Le Vatican ou l'exception d'une citoyenneté qui s'évapore
On commence fort avec le cas le plus étrange de la planète. Ici, on ne parle pas de droit du sol ou de droit du sang, des concepts qui régissent pourtant la quasi-totalité du globe. Au Vatican, la citoyenneté est fonctionnelle. Vous l'avez parce que vous travaillez pour le Saint-Siège, et vous la perdez dès que vous rangez votre soutane ou votre uniforme de Garde Suisse au placard. C'est aussi simple que cela, et c'est ce qui en fait, techniquement, la citoyenneté la plus exclusive au monde avec seulement environ 450 citoyens officiels sur une population de 800 résidents. Le truc c'est que vous ne pouvez pas simplement décider de devenir "Vaticanais" par amour de l'art ou de la théologie. Il faut être nommé à un poste spécifique par le Pape ou ses cardinaux. Autant dire que si vous n'êtes pas dans les petits papiers de la Curie, vos chances sont de zéro. Mais est-ce vraiment une citoyenneté au sens où on l'entend ? Je reste convaincu que c'est plutôt un badge d'accès temporaire, une sorte de CDD administratif de luxe qui s'arrête net à la retraite ou à la démission. On est loin du sentiment d'appartenance nationale classique, mais en termes de barrières à l'entrée, personne ne fait mieux que ce micro-État de 0,44 kilomètre carré.

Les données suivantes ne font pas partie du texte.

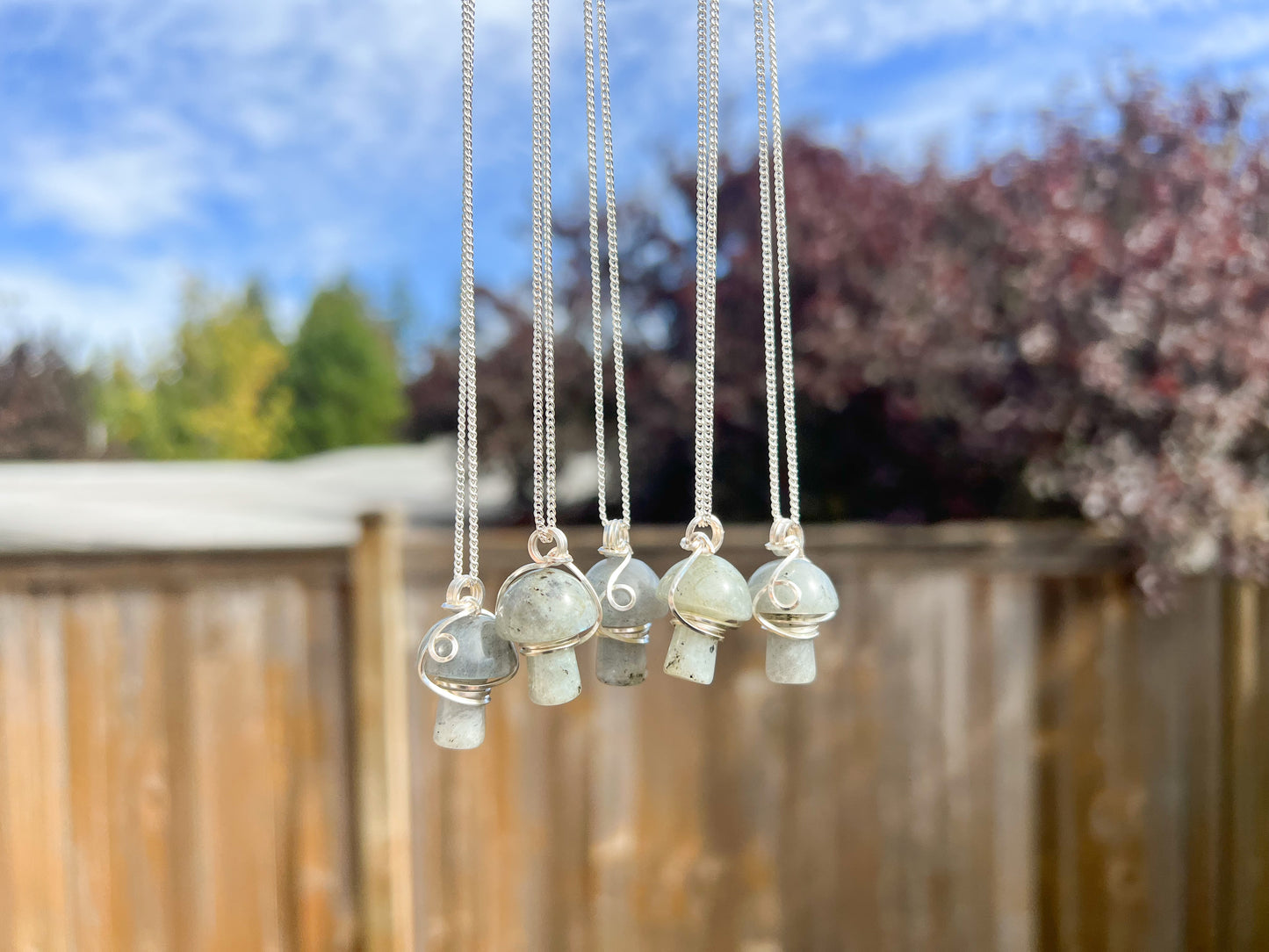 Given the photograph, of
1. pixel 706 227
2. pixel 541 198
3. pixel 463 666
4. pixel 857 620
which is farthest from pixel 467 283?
pixel 857 620

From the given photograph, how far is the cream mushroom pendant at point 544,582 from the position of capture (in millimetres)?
686

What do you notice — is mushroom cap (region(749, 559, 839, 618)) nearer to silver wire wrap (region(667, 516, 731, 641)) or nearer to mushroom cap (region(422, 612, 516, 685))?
silver wire wrap (region(667, 516, 731, 641))

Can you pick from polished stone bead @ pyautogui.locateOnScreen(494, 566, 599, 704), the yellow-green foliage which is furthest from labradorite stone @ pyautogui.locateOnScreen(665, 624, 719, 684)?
the yellow-green foliage

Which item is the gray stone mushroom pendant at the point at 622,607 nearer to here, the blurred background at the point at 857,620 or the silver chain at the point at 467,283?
the silver chain at the point at 467,283

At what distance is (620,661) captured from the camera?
2.63 feet

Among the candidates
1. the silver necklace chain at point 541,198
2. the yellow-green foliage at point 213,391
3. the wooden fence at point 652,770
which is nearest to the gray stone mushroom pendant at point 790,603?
Answer: the silver necklace chain at point 541,198

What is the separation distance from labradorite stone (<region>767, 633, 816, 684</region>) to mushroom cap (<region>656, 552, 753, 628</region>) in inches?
3.1

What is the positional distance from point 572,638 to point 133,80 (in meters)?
3.34

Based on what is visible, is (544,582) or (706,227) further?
(706,227)

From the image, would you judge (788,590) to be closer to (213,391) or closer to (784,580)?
(784,580)

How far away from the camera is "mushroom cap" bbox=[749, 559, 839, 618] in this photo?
76 cm

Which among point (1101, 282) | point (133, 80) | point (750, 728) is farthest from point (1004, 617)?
point (133, 80)

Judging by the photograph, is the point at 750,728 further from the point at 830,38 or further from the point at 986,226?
the point at 830,38

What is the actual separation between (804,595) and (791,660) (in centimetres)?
8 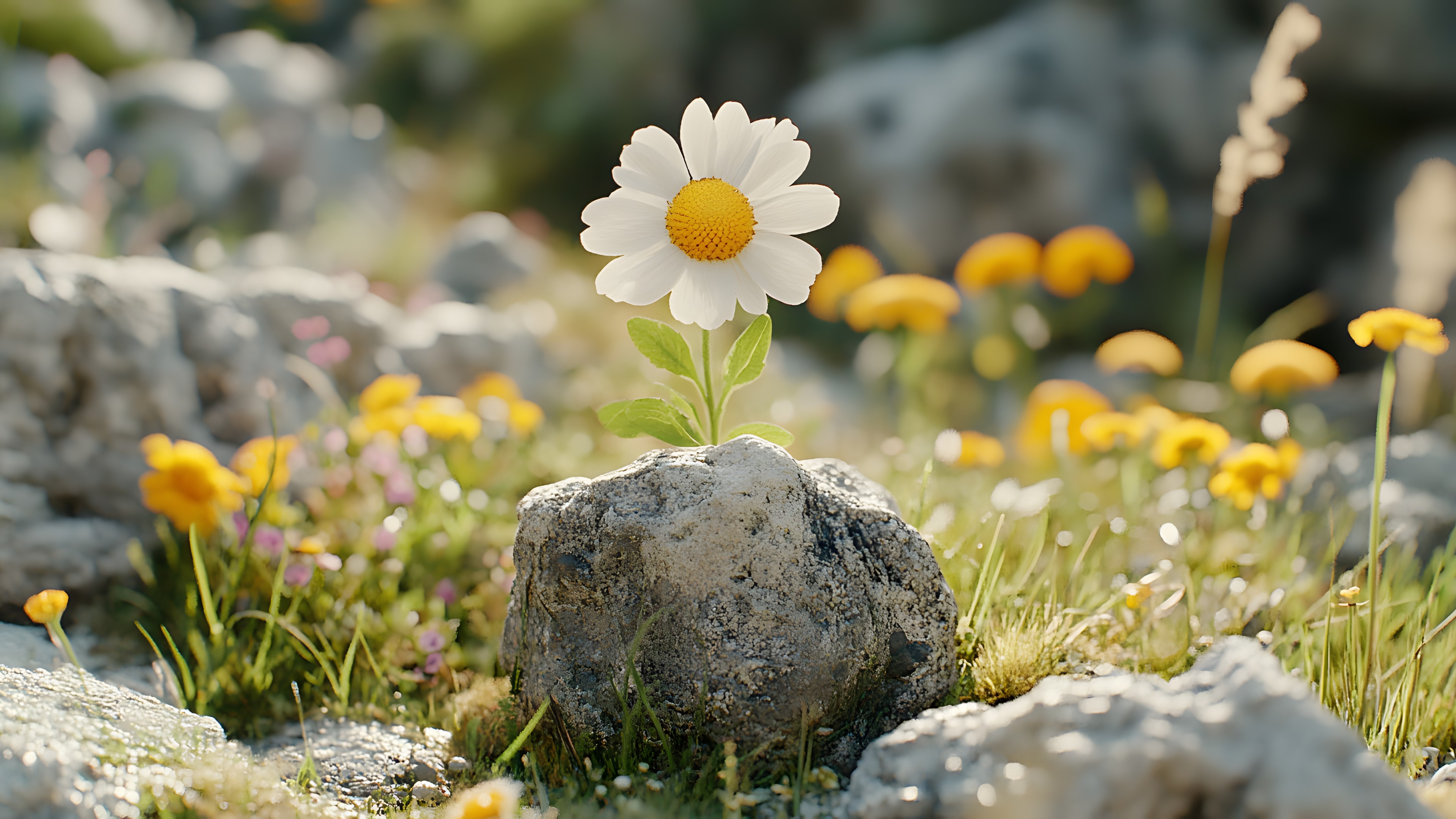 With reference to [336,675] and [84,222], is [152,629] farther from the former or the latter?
[84,222]

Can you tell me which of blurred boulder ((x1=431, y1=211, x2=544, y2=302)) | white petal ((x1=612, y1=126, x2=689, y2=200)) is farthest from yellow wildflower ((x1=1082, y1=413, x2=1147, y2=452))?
blurred boulder ((x1=431, y1=211, x2=544, y2=302))

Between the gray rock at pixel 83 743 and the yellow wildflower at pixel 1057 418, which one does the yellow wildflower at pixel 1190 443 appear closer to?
the yellow wildflower at pixel 1057 418

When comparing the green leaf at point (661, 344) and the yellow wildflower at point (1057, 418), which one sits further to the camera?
the yellow wildflower at point (1057, 418)

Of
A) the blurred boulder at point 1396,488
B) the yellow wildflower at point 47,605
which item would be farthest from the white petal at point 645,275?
the blurred boulder at point 1396,488

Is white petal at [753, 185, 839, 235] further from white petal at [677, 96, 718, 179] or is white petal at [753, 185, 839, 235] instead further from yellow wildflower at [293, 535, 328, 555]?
yellow wildflower at [293, 535, 328, 555]

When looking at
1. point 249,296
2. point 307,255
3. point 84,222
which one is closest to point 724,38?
point 307,255

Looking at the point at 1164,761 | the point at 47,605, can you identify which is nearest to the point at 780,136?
the point at 1164,761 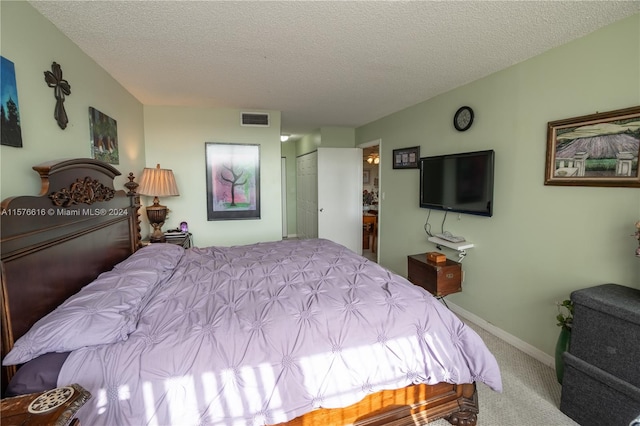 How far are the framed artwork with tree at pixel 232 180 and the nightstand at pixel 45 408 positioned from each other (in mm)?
3204

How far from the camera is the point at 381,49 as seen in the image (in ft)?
7.17

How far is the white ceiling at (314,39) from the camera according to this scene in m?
1.68

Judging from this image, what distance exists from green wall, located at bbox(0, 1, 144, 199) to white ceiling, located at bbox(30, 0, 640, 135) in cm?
11

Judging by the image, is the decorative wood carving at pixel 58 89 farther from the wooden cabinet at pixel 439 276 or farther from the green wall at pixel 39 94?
the wooden cabinet at pixel 439 276

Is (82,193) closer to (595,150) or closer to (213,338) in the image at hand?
(213,338)

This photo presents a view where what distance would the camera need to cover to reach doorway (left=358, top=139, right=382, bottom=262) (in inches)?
196

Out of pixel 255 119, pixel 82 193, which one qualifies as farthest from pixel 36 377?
pixel 255 119

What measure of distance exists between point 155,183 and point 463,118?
344cm

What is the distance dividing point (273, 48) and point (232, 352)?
6.72 ft

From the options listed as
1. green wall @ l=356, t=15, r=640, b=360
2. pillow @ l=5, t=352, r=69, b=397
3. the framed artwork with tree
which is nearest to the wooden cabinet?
green wall @ l=356, t=15, r=640, b=360

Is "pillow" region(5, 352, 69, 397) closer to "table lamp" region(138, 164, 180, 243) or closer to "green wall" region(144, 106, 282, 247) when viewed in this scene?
"table lamp" region(138, 164, 180, 243)

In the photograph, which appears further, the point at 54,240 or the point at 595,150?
the point at 595,150

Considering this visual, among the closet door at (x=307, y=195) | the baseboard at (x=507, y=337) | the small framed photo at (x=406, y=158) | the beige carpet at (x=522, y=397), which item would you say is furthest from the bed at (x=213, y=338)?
the closet door at (x=307, y=195)

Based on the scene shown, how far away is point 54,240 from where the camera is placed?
4.90 feet
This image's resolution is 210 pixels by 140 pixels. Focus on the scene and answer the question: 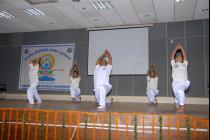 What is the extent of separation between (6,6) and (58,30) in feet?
9.62

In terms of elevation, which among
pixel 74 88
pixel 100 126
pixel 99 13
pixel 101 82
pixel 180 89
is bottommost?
pixel 100 126

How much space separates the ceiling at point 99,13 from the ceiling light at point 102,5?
5.3 inches

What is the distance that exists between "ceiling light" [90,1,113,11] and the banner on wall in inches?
112

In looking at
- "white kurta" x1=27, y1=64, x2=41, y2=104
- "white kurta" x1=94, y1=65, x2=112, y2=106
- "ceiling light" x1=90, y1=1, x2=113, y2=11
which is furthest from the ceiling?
"white kurta" x1=94, y1=65, x2=112, y2=106

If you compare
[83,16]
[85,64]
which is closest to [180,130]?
[83,16]

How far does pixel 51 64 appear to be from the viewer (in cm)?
995

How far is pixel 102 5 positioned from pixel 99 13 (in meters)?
0.63

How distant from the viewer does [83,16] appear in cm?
819

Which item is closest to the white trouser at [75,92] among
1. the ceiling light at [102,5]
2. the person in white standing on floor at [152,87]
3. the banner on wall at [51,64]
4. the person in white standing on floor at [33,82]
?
the banner on wall at [51,64]

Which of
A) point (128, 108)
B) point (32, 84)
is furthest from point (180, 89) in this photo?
point (32, 84)

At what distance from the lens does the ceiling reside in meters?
7.02

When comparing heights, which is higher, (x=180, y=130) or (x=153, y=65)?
(x=153, y=65)

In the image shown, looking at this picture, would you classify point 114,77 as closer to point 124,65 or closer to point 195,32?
point 124,65

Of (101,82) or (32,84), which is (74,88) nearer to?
(32,84) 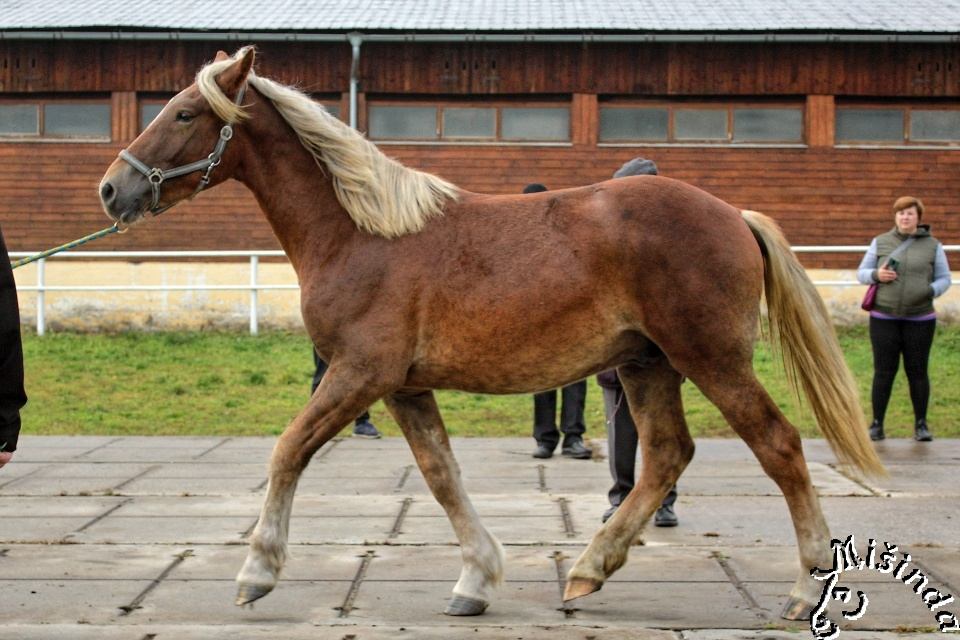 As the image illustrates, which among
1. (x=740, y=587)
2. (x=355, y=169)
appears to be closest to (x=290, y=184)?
(x=355, y=169)

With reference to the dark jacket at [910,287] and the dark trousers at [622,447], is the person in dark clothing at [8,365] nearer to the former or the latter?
the dark trousers at [622,447]

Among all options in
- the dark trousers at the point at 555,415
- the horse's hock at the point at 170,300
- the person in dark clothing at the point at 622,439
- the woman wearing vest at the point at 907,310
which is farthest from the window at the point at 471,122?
the person in dark clothing at the point at 622,439

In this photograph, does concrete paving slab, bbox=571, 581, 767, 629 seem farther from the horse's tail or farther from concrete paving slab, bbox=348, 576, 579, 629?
the horse's tail

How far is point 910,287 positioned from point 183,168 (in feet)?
24.9

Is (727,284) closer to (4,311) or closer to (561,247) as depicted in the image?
(561,247)

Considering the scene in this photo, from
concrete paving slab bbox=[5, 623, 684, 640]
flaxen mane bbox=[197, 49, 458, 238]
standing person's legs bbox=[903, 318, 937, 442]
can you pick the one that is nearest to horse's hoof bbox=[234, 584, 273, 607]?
concrete paving slab bbox=[5, 623, 684, 640]

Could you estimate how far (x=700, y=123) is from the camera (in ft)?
67.8

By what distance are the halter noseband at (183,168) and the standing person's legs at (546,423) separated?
5.00m

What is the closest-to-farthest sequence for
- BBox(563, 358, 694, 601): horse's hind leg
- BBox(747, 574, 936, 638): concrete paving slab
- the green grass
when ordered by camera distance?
BBox(747, 574, 936, 638): concrete paving slab
BBox(563, 358, 694, 601): horse's hind leg
the green grass

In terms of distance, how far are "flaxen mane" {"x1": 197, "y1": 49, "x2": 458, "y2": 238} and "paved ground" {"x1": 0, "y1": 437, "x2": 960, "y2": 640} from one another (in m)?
1.60

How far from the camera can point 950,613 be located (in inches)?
183

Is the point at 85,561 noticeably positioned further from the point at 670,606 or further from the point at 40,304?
the point at 40,304

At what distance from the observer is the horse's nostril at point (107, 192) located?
4.99 metres

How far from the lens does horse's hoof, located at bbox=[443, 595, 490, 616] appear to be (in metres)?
4.88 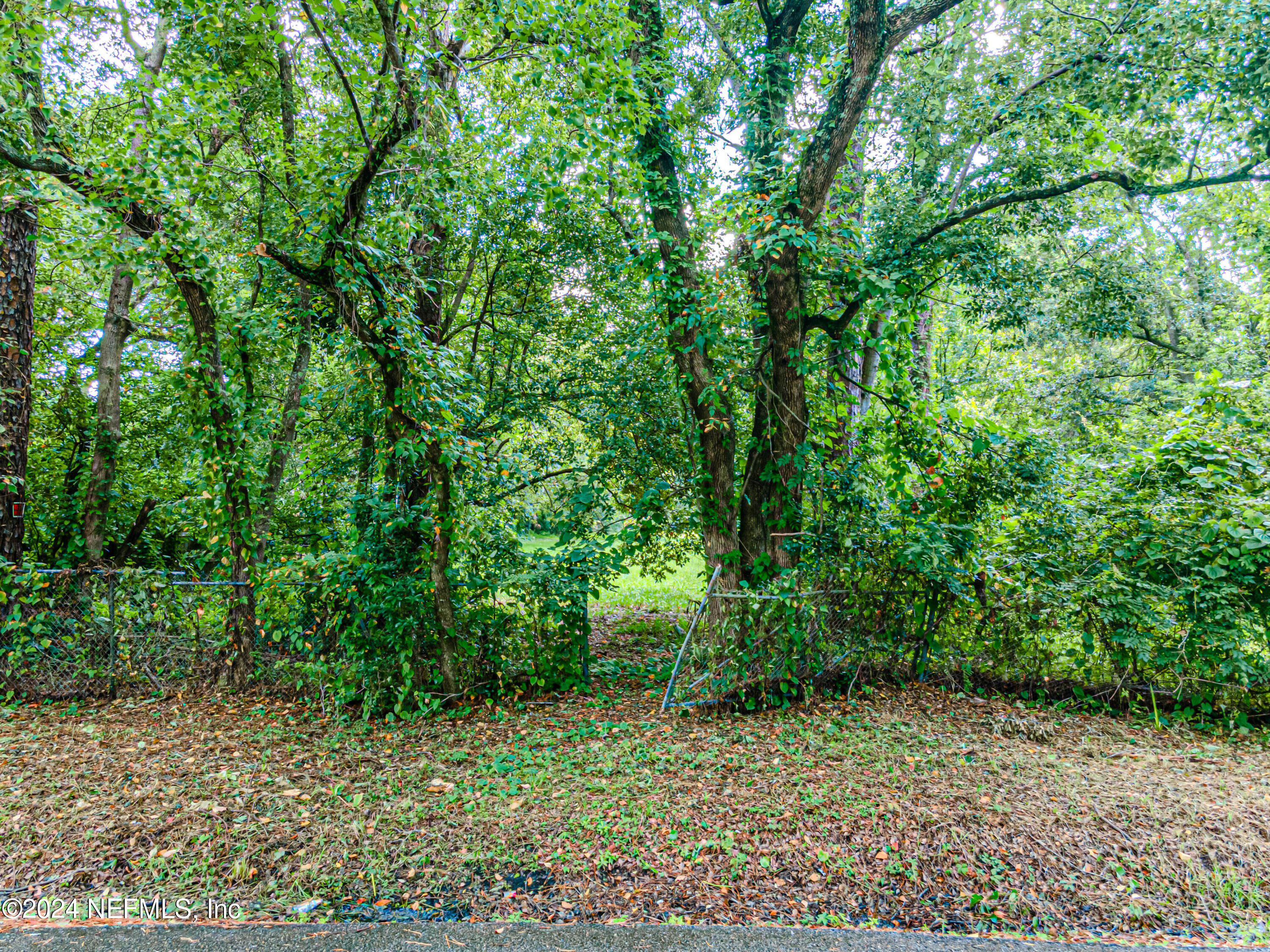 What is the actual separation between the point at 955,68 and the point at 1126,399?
702 centimetres

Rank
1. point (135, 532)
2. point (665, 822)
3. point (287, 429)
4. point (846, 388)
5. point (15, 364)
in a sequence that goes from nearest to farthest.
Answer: point (665, 822) → point (15, 364) → point (846, 388) → point (287, 429) → point (135, 532)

Une sélection basée sur l'utilité ecclésiastique
La sélection ne se fait pas sur votre compte en banque ou votre maîtrise du latin, même si ça aide sûrement. Elle repose sur votre utilité directe pour la gestion de l'Église catholique romaine. Soit dit en passant, la majorité des diplomates du Vatican possèdent une double nationalité, car ils savent pertinemment que leur passeport à clés croisées a une date d'expiration. C'est une situation unique où l'État ne cherche pas à se perpétuer par sa population, mais par sa fonction.
Le paradoxe de la résidence sans droit
Vivre au Vatican ne donne aucun droit automatique à la citoyenneté. Vous pouvez y passer 30 ans à balayer les musées, vous resterez un étranger aux yeux de la loi vaticane si votre contrat ne stipule pas explicitement ce statut. C'est une hiérarchie rigide, presque médiévale dans sa structure, qui protège jalousement ses prérogatives.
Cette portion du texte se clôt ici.